De fait, les rapports ne manquent guère. A ceux de l'inspection générale
(Le Monde du 10 septembre 1994), il faudra bientôt ajouter la somme des travaux lancés par le ministère
de l'éducation nationale et l'Institut des hautes études de la sécurité nationale.
Cette masse d'informations suffira-t-elle pour qu'une véritable politique de la gestion de la violence en
milieu scolaire soit effectivement mise en oeuvre ? Pratiquement aucune des mesures que François Bayrou
avait annoncées en mars dernier (Le Monde du 24 mars 1995) pour lutter contre la violence n'a été
appliquée. Ni la réduction de la taille des établissements sensibles, ni l'institution de postes
de « médiateurs », pas plus que le fonds d'assurance destiné à accélérer l'indemnisation des enseignants
en cas de dommage.
Aujourd'hui encore, via les inspecteurs d'académie ou les recteurs, M. Bayrou se borne à éteindre
les incendies en distribuant des postes et des moyens : ainsi, près de Rouen, le nouveau recteur,
Paul Desneuf, vient-il de promettre que le classement en ZEP du collège Louise-Michel, en grève,
« allait démarrer avant le printemps », confirmant la création de deux postes et demi d'enseignants,
ainsi que l'attribution de deux postes de surveillants vacataires. Une méthode qui a un petit air de déjà vu.
BEATRICE GURREY
Note de Françoise:
qu'en est-il de ce fonds d'assurance?? le médiateur académique existe..

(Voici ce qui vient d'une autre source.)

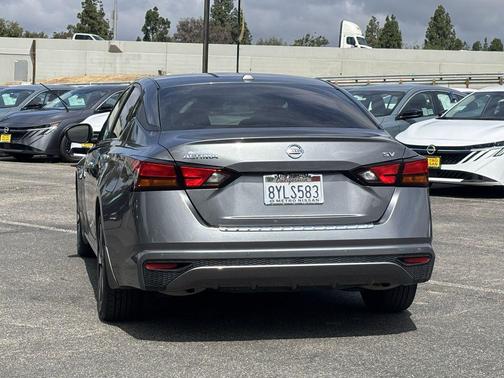 Gun Metallic 2021 Nissan Altima 2.5 SV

qu'en est-il de l'encadrement des élèves? des postes d'éducation??des possibilités de travail en équipe... si les professeurs peuvent être enclins à travailler en
équipe..
L'illétrisme social...parlons-en en 2008, qui sont les illéttrés?
L'anorexie scolaire....comment avoir faim dans un climat de morosité?? d'angoisses??